Hi there, I believe you have to write your own code for that.
Furthermore, you can use my fork's doxygen branch to build the documentation and check out the inheritance diagram to get a better understanding of the AST's data structure.

inherit_graph_0

Also, check out the examples.

@dandelion915
Copy link
Author

Thanks for your wonderful reply! The example is very clear how the code is structed. However, do you have any idea on how to destructualize the code? What i'm saying is for a certain line of code within a function, I want to collect the all of the components, e.g, int a = b + c, then i need to collect int,a,=,b,+,c. It confuses me how to use this parser to traverse the data structure.

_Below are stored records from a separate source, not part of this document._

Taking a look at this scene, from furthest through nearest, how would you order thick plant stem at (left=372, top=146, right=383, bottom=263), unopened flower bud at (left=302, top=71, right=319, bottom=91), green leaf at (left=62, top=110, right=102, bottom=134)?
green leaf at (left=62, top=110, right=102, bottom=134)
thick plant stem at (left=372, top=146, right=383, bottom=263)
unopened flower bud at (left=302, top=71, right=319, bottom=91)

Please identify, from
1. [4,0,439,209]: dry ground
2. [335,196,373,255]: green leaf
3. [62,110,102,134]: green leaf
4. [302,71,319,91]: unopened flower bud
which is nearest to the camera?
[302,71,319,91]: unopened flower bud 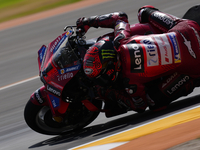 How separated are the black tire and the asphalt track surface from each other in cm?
12

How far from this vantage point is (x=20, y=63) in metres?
8.91

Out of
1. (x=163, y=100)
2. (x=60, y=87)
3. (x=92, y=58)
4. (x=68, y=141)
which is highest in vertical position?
(x=92, y=58)

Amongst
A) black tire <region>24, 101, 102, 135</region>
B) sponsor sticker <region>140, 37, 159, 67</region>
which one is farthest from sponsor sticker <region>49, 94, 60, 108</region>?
sponsor sticker <region>140, 37, 159, 67</region>

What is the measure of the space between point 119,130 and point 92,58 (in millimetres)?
1101

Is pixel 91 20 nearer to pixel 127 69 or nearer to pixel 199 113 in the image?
pixel 127 69

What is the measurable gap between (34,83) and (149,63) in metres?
3.89

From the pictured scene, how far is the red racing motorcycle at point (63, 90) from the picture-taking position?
4.55m

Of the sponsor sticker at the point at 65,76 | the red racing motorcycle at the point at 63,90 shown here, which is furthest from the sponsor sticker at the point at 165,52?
the sponsor sticker at the point at 65,76

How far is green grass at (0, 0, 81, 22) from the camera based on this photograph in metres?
12.9

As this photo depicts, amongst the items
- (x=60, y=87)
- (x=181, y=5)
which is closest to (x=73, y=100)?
(x=60, y=87)

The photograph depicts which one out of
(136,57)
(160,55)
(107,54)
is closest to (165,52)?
(160,55)

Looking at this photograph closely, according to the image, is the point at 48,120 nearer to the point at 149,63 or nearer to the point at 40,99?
the point at 40,99

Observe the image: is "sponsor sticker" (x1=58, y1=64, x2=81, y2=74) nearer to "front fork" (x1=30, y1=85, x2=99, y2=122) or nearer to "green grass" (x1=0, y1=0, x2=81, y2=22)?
"front fork" (x1=30, y1=85, x2=99, y2=122)

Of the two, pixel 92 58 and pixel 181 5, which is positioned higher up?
pixel 92 58
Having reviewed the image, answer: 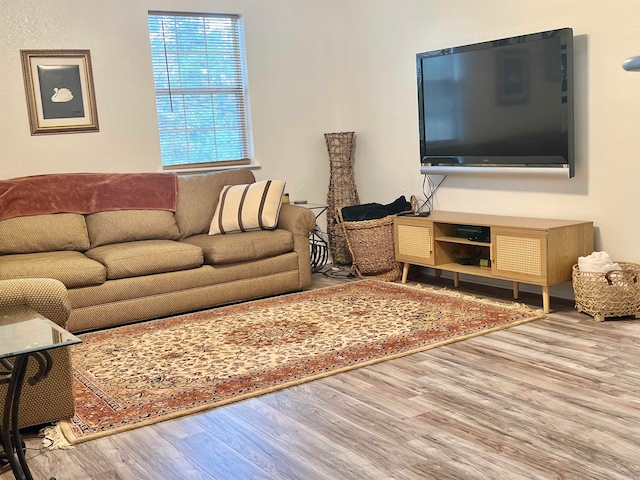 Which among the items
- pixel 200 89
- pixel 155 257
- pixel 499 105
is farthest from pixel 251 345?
pixel 200 89

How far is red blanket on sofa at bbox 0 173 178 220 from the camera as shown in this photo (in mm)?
4672

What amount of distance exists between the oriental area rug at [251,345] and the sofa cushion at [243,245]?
317 mm

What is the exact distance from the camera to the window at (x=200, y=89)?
557 centimetres

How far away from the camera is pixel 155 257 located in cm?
450

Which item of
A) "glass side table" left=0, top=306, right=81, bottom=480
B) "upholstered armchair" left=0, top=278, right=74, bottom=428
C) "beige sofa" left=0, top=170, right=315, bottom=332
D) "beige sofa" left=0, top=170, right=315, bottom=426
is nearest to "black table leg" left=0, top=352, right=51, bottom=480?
"glass side table" left=0, top=306, right=81, bottom=480

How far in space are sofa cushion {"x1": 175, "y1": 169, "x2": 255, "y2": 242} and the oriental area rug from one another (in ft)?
2.50

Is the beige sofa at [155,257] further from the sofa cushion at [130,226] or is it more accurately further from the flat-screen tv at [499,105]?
the flat-screen tv at [499,105]

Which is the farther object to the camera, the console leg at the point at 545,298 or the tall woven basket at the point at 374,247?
the tall woven basket at the point at 374,247

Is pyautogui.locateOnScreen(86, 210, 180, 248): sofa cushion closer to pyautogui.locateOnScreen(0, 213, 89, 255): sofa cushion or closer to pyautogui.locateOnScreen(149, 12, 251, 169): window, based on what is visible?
pyautogui.locateOnScreen(0, 213, 89, 255): sofa cushion

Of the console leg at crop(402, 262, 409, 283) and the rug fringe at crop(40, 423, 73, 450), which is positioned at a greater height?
the console leg at crop(402, 262, 409, 283)

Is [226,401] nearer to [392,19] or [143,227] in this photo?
[143,227]

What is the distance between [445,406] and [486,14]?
2.96 meters

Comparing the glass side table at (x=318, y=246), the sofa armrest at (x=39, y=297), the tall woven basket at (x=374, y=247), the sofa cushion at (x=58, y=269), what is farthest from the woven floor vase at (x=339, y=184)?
the sofa armrest at (x=39, y=297)

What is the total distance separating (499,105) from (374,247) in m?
1.35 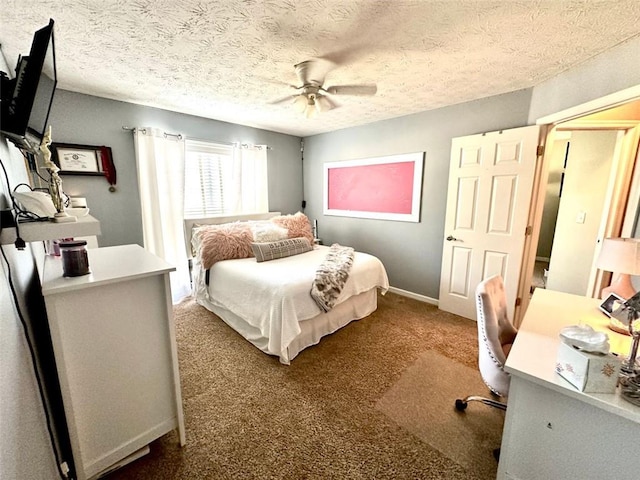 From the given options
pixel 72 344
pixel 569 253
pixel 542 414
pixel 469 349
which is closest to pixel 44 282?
pixel 72 344

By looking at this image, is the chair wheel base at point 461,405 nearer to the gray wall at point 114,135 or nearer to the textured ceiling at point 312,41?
the textured ceiling at point 312,41

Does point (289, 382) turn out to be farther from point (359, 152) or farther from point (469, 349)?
point (359, 152)

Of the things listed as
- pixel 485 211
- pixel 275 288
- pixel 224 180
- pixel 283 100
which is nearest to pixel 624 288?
pixel 485 211

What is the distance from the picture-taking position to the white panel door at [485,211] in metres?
2.46

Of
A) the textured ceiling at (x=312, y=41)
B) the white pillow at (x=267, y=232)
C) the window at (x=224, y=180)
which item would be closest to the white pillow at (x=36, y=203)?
the textured ceiling at (x=312, y=41)

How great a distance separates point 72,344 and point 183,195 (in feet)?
8.26

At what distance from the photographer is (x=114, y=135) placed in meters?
2.82

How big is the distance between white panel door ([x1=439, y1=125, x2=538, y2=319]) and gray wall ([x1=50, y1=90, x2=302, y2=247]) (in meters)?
3.16

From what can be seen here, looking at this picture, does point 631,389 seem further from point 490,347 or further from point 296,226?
point 296,226

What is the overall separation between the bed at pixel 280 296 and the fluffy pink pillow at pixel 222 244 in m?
0.04

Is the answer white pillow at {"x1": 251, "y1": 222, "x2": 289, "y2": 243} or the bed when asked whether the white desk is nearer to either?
the bed

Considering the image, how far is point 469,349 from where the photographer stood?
2.36m

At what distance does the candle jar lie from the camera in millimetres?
1155

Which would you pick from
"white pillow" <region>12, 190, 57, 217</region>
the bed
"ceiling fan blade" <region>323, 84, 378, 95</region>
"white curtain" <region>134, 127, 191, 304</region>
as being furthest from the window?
"white pillow" <region>12, 190, 57, 217</region>
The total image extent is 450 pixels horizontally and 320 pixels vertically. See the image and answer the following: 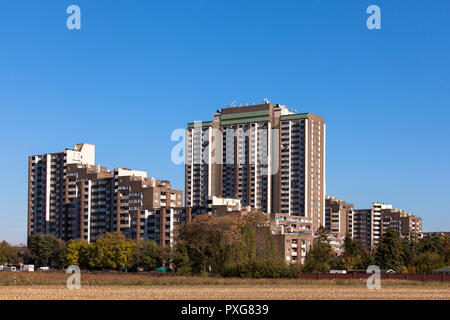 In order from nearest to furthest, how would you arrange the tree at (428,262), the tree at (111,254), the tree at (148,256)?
the tree at (428,262) → the tree at (148,256) → the tree at (111,254)

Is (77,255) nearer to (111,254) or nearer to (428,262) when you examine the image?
(111,254)

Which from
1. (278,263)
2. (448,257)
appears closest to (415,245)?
(448,257)

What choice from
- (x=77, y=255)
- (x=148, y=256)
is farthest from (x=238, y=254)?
(x=77, y=255)

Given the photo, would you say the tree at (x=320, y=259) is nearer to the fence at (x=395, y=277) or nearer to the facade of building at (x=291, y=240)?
the facade of building at (x=291, y=240)

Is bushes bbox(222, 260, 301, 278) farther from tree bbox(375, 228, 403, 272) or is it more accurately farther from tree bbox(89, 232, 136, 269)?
tree bbox(89, 232, 136, 269)

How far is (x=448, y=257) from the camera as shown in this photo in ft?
476

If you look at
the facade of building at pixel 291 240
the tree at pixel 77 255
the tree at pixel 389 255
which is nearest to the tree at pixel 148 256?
the tree at pixel 77 255

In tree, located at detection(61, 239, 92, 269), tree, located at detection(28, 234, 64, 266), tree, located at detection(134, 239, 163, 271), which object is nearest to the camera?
tree, located at detection(134, 239, 163, 271)

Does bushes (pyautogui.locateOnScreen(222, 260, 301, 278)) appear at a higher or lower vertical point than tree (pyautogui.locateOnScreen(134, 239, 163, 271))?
higher

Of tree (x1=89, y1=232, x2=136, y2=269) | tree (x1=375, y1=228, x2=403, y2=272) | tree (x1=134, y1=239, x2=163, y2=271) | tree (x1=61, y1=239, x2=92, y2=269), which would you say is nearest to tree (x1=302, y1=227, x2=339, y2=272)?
tree (x1=375, y1=228, x2=403, y2=272)

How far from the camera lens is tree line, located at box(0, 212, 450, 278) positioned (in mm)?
118188

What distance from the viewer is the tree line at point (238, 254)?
11819 cm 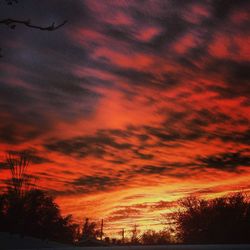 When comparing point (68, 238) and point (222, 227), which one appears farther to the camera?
point (68, 238)

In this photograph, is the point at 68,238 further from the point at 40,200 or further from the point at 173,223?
the point at 173,223

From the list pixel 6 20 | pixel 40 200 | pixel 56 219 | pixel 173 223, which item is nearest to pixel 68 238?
pixel 56 219

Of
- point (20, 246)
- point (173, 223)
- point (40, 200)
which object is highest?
point (40, 200)

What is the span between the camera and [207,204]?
61781 millimetres

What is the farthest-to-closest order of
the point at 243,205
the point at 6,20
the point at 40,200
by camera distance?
the point at 40,200 < the point at 243,205 < the point at 6,20

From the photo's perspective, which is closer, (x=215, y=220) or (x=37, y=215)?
(x=215, y=220)

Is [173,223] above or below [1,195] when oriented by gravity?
below

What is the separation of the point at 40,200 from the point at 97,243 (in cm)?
1302

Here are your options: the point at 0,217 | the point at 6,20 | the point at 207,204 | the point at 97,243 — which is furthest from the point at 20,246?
the point at 6,20

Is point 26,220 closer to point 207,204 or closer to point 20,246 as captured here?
point 20,246

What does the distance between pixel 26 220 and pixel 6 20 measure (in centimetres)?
5761

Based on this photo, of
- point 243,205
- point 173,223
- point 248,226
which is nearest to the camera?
point 248,226

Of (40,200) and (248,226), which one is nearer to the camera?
(248,226)

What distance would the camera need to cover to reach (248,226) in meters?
53.9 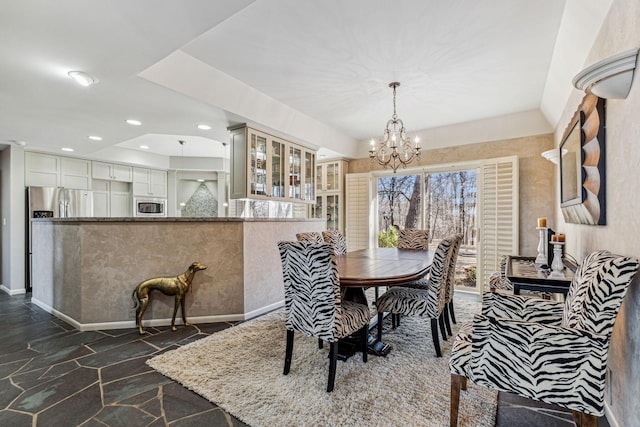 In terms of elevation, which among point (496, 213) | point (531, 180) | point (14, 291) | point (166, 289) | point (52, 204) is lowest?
point (14, 291)

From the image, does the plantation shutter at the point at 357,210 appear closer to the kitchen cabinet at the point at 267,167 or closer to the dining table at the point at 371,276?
the kitchen cabinet at the point at 267,167

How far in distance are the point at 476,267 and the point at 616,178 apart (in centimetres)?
334

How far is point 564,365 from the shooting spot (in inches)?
52.4

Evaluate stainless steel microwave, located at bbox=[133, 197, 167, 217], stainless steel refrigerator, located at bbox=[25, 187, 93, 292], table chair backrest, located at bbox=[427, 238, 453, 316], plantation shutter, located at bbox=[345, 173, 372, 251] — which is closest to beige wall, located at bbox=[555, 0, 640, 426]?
table chair backrest, located at bbox=[427, 238, 453, 316]

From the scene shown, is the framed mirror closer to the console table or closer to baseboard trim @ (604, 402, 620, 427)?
the console table

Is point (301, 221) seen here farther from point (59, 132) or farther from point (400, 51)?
point (59, 132)

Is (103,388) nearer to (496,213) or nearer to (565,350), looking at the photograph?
(565,350)

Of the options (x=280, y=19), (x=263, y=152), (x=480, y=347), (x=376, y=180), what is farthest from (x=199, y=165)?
(x=480, y=347)

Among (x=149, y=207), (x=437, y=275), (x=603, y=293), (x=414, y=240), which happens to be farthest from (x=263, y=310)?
(x=149, y=207)

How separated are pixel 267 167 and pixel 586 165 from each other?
323 cm

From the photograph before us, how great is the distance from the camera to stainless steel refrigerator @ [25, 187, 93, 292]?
16.0 feet

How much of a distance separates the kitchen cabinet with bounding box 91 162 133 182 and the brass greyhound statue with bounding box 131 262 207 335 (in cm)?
404

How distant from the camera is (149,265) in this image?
319cm

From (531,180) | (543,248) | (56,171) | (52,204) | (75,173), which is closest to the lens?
(543,248) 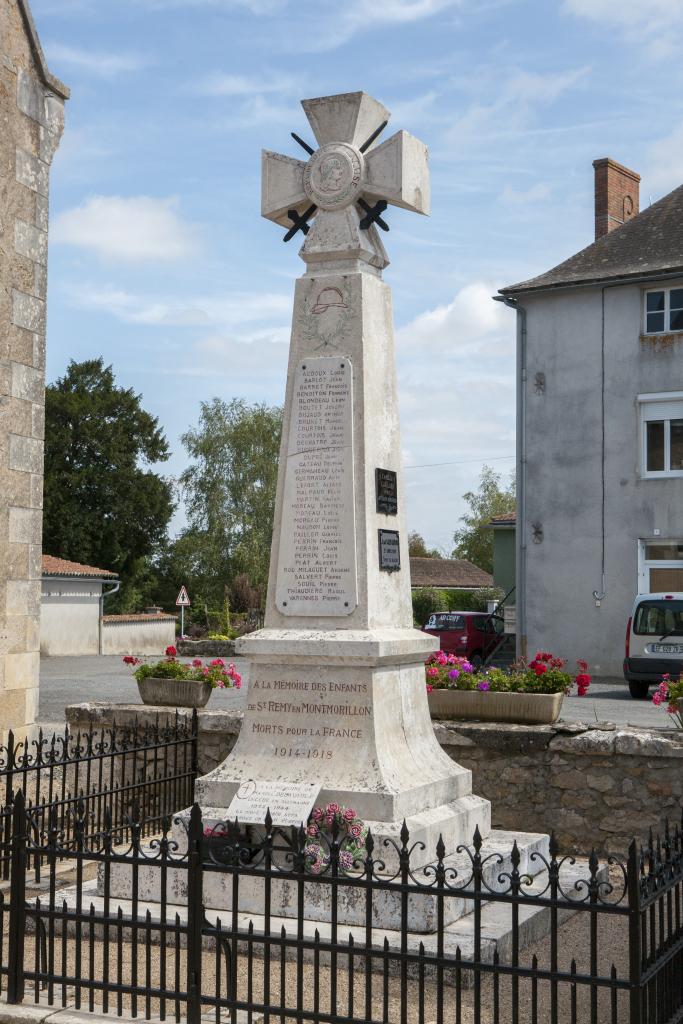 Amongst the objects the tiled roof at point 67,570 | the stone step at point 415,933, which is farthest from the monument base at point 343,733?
the tiled roof at point 67,570

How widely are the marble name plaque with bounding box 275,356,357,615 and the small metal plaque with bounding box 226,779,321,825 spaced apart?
107cm

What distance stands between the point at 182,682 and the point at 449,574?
164 ft

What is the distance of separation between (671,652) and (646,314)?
8151mm

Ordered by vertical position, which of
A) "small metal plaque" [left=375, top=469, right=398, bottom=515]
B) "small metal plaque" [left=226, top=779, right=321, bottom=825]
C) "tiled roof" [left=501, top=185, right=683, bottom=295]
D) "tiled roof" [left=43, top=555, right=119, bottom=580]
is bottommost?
"small metal plaque" [left=226, top=779, right=321, bottom=825]

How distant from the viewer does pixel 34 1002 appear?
5293 millimetres

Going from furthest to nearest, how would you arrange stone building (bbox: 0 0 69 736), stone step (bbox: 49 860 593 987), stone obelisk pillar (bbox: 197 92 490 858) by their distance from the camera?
1. stone building (bbox: 0 0 69 736)
2. stone obelisk pillar (bbox: 197 92 490 858)
3. stone step (bbox: 49 860 593 987)

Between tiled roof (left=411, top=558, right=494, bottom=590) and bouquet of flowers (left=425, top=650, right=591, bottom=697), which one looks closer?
bouquet of flowers (left=425, top=650, right=591, bottom=697)

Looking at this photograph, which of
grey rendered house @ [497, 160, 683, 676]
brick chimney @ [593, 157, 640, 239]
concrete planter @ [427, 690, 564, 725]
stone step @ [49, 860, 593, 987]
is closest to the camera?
stone step @ [49, 860, 593, 987]

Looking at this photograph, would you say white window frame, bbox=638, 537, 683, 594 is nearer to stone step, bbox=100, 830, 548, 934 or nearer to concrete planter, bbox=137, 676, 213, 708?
concrete planter, bbox=137, 676, 213, 708

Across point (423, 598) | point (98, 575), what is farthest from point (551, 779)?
point (423, 598)

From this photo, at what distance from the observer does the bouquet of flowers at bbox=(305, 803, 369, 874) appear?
6.47 metres

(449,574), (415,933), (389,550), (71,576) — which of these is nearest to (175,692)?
(389,550)

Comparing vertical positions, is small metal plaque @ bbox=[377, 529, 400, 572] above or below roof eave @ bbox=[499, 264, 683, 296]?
below

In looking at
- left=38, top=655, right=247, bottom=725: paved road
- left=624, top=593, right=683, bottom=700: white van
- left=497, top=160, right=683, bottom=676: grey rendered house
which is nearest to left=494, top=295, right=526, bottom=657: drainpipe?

I'd be very appreciated if you can give me any hints, a short example code might be the best :)

@salehjg
Copy link

salehjg commented Jun 19, 2023

@dandelion915
Sure thing mate.

As I understand it, you want to get familiar with how AST expresses a piece of code.
If so, I highly recommend checking out this example file from my fork.

It goes through manually creating for-loops, arrays, functions, pointers, expressions (chained or single), ... . It should provide you with the initial insight into the AST structure needed to write your own code.

So for a basic int a = b+c;, you have a CppVar instance as in below:

auto* myVar = new CppVar(
      new CppVarType("int"),
      CppVarDecl(
             "a", 
              new CppExpr(new CppExprAtom("b"), CppOperator::kPlus, new CppExprAtom("c"));, 
              AssignType::kUsingEqual)
    );

Now, as you can see, b and c are expressed as CppExprAtom instances. All expressions whether they are singular or chained, are expressed using nested CppExpr instances. Variables can have their initial value assignments in CppVar using CppVarDecl.
There are much more details about the AST structure that cannot be covered here. Basically, you need a good debugging environment like MS VS or CLion to inspect the AST of a piece of code generated by CppParser and then work your way up from there.

{ .... } is called a block and is represented by a CppCompound of type CppCompoundType::kBlock. Its children are stored in CppCompund::members_. CppCompund::add_member() could be used to add them one by one.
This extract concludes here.